No caso, com o intuito de comprovar a destinação da verba pública, foram juntados com o apelo contrato de prestação de serviços, recibos de pagamento, declaração da agremiação e relatório de serviços prestados pela assessoria jurídica contratada.

Por essa razão, conheço da documentação apresentada com o recurso.

Mérito

Como relatado, ROSANE CRISTINA CUCOLOTTO interpôs recurso em face da sentença que desaprovou sua prestação de contas de campanha e determinou o recolhimento ao erário de R$ 5.497,84, ante a ausência de comprovação quanto à destinação do numerário oriundo do Fundo Especial de Financiamento de Campanha (FEFC) — verba vinculada ao fomento das candidaturas femininas —, bem como de seu recolhimento ao Tesouro Nacional.

Em apertada síntese, a recorrente sustenta a regularidade da transferência dos valores recebidos à agremiação partidária, a fim de custear serviços advocatícios de caráter coletivo, em benefício de todos os candidatos do partido. Aduz, ainda, que eventual valor remanescente foi recolhido ao erário. Junta documentação comprobatória e pleiteia a aprovação das contas, ainda que com ressalvas, ou, subsidiariamente, a substituição da desaprovação por multa proporcional.

À luz dos elementos que informam os autos, assiste razão parcial à recorrente, apenas para fins de redução do valor a ser recolhido ao Tesouro Nacional, ponto em que peço vênia para divergir do parecer da douta Procuradoria Regional Eleitoral.
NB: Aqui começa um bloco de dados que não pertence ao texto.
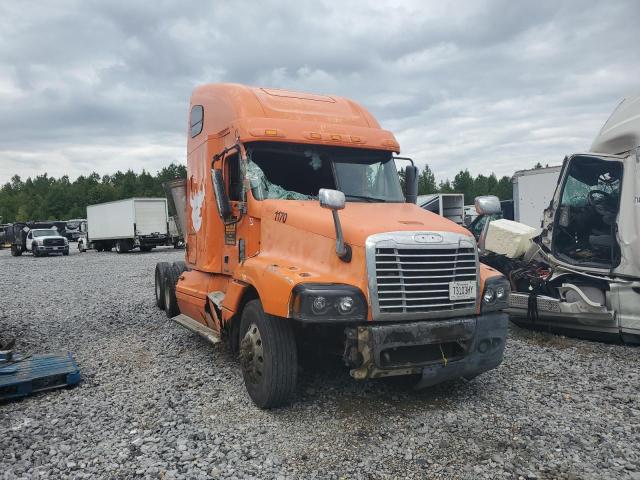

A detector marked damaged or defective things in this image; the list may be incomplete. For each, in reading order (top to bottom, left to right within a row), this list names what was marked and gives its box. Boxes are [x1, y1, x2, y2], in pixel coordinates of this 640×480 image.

O regramento eleitoral estabelece que parte dos recursos do FEFC deve ser obrigatoriamente destinada à promoção das candidaturas femininas, autorizando-se, no entanto, que as candidatas repassem tais valores ao partido para o custeio de despesas coletivas, conforme dispõem os §§ 4º e 7º do art. 17 da Resolução TSE n. 23.607/19.

No caso, a recorrente, na condição de candidata, repassou à agremiação R$ 5.497,84, de um total de R$ 6.500,00 recebidos do FEFC.

De fato, a documentação carreada aos autos confirma a contratação de serviços de assessoria jurídica coletiva. Segundo declaração da agremiação, corroborada pelas advogadas contratadas, foi realizado o rateio do valor de R$ 5.000,00 entre os quatro candidatos do partido e a própria sigla, de modo que a cota-parte da recorrente corresponderia a R$ 1.000,00.

Entretanto, não foi juntada aos autos prova do recolhimento ao erário do valor remanescente pela agremiação.

Depreende-se, assim, que permanece sem comprovação de uso o montante de R$ 4.497,84 (R$ 5.497,84 – R$ 1.000,00), razão pela qual deve ser recolhido ao Tesouro Nacional.

Dessa forma, diante da ausência de comprovação do uso da verba pública, incide o disposto no § 5º do art. 50 da Resolução TSE n. 23.607/19, que impõe o recolhimento ao erário dos valores cuja destinação não tenha sido devidamente comprovada.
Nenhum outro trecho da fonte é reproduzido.